• WORK ORDER:
Give back exactly the lines that run from the beginning of the entries to the line containing "Diona Siyah Nubuk Çizme fiyatları", both included, and nothing else.

--- DATA RECORDS Enclosed Below ---

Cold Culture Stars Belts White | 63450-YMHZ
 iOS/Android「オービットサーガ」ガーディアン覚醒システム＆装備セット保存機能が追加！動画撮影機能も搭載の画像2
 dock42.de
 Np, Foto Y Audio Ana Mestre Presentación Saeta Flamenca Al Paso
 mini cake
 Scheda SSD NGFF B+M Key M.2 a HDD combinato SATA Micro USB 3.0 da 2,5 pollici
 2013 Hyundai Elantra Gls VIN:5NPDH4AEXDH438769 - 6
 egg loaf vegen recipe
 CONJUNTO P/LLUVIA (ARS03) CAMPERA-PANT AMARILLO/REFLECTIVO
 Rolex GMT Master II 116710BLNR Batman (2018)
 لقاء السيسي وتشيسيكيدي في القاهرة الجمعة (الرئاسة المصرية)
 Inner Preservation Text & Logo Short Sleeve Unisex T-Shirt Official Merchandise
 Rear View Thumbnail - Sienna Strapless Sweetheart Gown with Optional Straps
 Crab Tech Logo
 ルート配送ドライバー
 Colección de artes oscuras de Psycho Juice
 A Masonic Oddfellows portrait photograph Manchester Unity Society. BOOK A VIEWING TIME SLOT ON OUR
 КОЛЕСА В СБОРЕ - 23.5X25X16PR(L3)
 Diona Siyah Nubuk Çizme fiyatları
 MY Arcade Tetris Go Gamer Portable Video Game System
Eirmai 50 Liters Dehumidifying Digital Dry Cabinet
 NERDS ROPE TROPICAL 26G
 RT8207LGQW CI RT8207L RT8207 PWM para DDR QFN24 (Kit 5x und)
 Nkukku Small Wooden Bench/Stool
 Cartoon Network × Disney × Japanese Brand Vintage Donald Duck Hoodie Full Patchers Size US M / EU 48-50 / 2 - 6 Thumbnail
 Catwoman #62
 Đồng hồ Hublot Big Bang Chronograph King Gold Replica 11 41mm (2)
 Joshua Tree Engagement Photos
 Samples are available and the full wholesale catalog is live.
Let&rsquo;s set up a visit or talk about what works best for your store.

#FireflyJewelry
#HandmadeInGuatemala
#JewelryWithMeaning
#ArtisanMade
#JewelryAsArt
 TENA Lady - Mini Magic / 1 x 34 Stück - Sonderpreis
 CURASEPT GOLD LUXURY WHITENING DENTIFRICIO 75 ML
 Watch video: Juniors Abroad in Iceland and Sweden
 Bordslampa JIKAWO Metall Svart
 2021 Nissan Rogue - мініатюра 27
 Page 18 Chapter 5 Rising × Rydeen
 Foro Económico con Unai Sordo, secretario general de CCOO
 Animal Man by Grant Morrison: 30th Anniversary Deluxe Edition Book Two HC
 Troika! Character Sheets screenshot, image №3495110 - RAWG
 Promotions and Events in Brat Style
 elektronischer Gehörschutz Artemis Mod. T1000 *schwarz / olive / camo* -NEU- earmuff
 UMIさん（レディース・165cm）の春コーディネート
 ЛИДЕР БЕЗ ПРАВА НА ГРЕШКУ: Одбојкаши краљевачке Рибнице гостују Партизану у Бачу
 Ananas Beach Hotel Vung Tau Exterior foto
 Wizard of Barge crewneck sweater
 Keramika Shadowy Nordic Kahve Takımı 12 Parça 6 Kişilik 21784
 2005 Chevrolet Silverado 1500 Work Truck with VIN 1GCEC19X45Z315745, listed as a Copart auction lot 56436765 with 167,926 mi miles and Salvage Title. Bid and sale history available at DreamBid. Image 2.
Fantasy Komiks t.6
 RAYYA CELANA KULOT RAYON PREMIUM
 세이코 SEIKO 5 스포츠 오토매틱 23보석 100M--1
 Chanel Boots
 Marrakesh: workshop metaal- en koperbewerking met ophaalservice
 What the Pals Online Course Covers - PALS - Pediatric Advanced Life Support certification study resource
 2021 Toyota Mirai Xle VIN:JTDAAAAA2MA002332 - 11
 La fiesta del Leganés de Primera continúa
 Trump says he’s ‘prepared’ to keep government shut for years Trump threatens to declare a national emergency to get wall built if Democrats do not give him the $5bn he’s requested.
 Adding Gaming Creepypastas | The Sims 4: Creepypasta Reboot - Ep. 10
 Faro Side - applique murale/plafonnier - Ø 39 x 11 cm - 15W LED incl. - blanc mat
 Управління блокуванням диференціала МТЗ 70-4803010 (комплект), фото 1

--- End of Enclosed DATA RECORDS ---

• OUTPUT BELOW:
Cold Culture Stars Belts White | 63450-YMHZ
 iOS/Android「オービットサーガ」ガーディアン覚醒システム＆装備セット保存機能が追加！動画撮影機能も搭載の画像2
 dock42.de
 Np, Foto Y Audio Ana Mestre Presentación Saeta Flamenca Al Paso
 mini cake
 Scheda SSD NGFF B+M Key M.2 a HDD combinato SATA Micro USB 3.0 da 2,5 pollici
 2013 Hyundai Elantra Gls VIN:5NPDH4AEXDH438769 - 6
 egg loaf vegen recipe
 CONJUNTO P/LLUVIA (ARS03) CAMPERA-PANT AMARILLO/REFLECTIVO
 Rolex GMT Master II 116710BLNR Batman (2018)
 لقاء السيسي وتشيسيكيدي في القاهرة الجمعة (الرئاسة المصرية)
 Inner Preservation Text & Logo Short Sleeve Unisex T-Shirt Official Merchandise
 Rear View Thumbnail - Sienna Strapless Sweetheart Gown with Optional Straps
 Crab Tech Logo
 ルート配送ドライバー
 Colección de artes oscuras de Psycho Juice
 A Masonic Oddfellows portrait photograph Manchester Unity Society. BOOK A VIEWING TIME SLOT ON OUR
 КОЛЕСА В СБОРЕ - 23.5X25X16PR(L3)
 Diona Siyah Nubuk Çizme fiyatları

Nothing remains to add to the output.